Il Metauro
notizie dalla valle del Metauro

BCC FANO POS

Invaso sul Candigliano: necessità o devastazione?

Incontro pubblico online promosso dalle associazioni di categoria. Fa discutere la proposta di realizzare una diga sull'alto Candigliano.

invaso alto candiglianoPESARO – La notizia della proposta, avanzata dall’AATO, di effettuare uno studio preliminare circa la possibile realizzazione di un invaso nell’alta valle del Candigliano ha avuto echi profondi ed una diffusione di portata nazionale.

La proposta è stata seguita, in ordine temporale, da quella che Coldiretti ha sottoposto al Governo per la realizzazione di 1000 laghi in montagna, proposta che ha sollevato molte polemiche, anche perché, oltre allo stravolgimento ambientale che ne conseguirebbe, è ai soldi del “recovery” che si mira (quasi due miliardi).

Comunque, le associazioni ambientaliste si sono mobilitate e relativamente alla questione “Candigliano” hanno organizzato un webinar per il prossimo venerdì 23 aprile, alle 18,00 dal titolo “INVASO ALTO CANDIGLIANO: necessità o devastazione?”

La conferenza (“non sarà l’ultima” fanno sapere le Associazioni ambientaliste), che sarà coordinata da Flavio Angelini, Presidente della Lupus in Fabula, avrà questo “parterre” di relatori: Giuseppe Dini, responsabile Guardie Giurate WWF Marche, aprirà la conferenza, contestualizzando l’idea degli invasi in relazione alle criticità idriche reali del territorio.

Seguirà Stefano Deliperi, presidente del GRIG (Gruppo di Intervento Giuridico, un’organizzazione sempre più presente nel paese), che illustrerà gli aspetti giuridici legati alla realizzazione di “opere” di questo genere e alle loro ricadute.

Sarà poi la volta di Augusto de Sanctis, attivista del forum H2O, tra i massimi conoscitori delle problematiche legate alla gestione delle acque, per proseguire col il Geologo Francesco Aucone, esperto in dissesti geologici e strutturali e RSL (Risposta Sismica Locale) che parlerà dei problemi relativi alla costruzione di dighe in relazione alle criticità di carattere geologico.

Chiuderà la sessione Franco Tassi, naturalista di fama internazionale, già direttore del Parco Nazionale d’Abruzzo e riconosciuto “padre nobile” dei parchi italiani, che illustrerà l’importanza di aree come quella dell’alto Candigliano, sia in qualità di corridoi ecologici che di vere e proprie “sorgenti” di biodiversità per il resto del territorio nazionale.
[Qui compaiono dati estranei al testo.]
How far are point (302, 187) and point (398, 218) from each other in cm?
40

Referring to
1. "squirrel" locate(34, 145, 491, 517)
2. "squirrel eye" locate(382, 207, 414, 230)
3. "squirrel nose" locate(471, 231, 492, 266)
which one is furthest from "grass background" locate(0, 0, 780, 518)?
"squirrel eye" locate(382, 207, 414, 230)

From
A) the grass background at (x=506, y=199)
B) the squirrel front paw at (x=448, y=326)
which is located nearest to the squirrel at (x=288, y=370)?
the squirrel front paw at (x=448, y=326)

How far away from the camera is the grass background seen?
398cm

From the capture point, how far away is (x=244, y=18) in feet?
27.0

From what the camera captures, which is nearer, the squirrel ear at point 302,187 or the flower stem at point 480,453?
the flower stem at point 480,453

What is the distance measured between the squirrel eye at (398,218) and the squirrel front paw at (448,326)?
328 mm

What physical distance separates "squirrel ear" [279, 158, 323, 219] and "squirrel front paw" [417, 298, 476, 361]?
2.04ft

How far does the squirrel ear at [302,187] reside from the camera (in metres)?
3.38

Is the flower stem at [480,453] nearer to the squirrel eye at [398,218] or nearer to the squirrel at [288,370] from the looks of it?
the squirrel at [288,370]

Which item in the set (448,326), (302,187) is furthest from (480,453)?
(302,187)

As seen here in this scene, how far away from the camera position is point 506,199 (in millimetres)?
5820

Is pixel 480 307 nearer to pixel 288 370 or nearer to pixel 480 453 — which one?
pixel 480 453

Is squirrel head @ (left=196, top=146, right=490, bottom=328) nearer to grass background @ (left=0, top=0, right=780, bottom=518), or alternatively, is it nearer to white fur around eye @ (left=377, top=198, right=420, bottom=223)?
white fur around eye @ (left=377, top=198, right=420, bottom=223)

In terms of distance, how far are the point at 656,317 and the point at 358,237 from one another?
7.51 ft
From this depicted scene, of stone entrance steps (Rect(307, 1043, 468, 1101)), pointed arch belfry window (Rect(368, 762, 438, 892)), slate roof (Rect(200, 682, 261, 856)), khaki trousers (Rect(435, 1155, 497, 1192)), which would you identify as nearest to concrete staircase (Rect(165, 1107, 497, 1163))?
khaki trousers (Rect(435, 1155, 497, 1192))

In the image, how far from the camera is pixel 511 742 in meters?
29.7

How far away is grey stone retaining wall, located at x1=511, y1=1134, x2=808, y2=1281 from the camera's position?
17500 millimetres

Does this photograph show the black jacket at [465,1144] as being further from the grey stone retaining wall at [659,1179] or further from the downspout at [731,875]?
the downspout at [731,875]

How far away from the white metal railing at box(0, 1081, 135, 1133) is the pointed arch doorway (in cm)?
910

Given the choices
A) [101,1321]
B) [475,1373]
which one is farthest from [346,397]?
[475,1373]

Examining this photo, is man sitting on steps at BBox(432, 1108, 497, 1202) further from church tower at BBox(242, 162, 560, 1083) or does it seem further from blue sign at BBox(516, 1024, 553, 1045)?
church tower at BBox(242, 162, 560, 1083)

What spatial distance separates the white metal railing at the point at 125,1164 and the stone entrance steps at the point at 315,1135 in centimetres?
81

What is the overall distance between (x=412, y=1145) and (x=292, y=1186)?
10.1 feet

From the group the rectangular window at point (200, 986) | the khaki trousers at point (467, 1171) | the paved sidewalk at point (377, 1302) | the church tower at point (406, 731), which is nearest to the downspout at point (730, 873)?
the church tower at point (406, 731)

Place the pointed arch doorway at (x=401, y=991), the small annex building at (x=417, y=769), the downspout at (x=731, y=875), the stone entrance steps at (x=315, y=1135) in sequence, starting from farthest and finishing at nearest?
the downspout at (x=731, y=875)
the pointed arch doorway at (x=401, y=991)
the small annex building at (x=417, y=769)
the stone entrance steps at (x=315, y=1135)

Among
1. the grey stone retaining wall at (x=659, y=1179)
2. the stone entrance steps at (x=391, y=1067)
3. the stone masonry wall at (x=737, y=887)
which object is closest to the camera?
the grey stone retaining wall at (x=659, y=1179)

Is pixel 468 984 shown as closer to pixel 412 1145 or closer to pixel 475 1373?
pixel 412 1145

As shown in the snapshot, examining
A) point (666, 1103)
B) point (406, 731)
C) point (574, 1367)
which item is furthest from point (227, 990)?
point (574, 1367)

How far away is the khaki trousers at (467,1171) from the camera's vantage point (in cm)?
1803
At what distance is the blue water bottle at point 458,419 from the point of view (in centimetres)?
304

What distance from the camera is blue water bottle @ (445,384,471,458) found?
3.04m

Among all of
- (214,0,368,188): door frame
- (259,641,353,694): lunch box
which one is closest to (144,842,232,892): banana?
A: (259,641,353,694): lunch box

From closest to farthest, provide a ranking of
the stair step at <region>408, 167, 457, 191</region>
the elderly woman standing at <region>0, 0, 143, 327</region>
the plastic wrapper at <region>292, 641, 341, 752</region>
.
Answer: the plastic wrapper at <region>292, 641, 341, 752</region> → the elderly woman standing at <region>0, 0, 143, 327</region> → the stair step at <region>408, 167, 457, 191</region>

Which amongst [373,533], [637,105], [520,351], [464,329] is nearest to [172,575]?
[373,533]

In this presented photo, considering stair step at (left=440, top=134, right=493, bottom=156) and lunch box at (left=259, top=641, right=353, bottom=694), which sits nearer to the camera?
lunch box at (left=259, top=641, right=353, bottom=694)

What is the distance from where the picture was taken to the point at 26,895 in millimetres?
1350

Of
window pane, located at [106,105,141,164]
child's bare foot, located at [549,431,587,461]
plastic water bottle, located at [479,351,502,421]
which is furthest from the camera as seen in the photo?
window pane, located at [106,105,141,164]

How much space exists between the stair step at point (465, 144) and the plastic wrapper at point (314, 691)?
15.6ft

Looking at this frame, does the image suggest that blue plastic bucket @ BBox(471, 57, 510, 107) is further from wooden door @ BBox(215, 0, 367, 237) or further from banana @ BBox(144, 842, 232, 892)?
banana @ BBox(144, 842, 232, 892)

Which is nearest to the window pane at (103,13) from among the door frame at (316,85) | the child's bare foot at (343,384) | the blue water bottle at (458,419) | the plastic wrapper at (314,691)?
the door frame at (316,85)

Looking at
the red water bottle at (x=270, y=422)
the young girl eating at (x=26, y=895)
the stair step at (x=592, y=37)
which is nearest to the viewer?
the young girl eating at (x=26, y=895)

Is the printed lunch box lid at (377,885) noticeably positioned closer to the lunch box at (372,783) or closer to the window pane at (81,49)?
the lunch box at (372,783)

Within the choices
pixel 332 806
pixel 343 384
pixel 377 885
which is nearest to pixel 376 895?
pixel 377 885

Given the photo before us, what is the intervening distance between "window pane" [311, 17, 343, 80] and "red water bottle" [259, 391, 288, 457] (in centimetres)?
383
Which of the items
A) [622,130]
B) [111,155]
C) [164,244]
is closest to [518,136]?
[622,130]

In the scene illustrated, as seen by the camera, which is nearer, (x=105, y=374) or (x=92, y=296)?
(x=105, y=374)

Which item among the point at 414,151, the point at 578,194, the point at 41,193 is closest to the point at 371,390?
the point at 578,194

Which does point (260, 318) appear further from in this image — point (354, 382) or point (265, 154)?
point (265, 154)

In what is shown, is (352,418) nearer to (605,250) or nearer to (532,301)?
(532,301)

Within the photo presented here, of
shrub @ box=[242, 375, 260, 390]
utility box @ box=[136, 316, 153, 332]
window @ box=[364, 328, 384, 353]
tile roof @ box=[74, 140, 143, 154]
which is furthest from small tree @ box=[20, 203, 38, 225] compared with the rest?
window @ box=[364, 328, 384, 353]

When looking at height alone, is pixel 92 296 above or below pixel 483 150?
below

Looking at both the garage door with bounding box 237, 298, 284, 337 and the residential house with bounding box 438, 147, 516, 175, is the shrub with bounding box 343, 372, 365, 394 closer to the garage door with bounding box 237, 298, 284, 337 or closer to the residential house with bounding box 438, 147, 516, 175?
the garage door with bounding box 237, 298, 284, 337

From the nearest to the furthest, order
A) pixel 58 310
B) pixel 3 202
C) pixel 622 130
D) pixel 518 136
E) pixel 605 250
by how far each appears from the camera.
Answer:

La conferenza è stata organizzata da: Lupus In Fabula, Guardie Giurate WWF Marche e Gruppo di Intervento Giuridico, con il sostegno di DiversaMente (ass.ne per la tutela e valorizzazione della valle del Foglia), Liberi Pensatori a Difesa della Natura,  Italia Nostra (sez. di Pesaro e Fano), Europa Verde (Pesaro Urbino), Sostenibilità Equità Solidarietà, Articolo Uno, Dipende da Noi,  Circolo Rosso&Verde.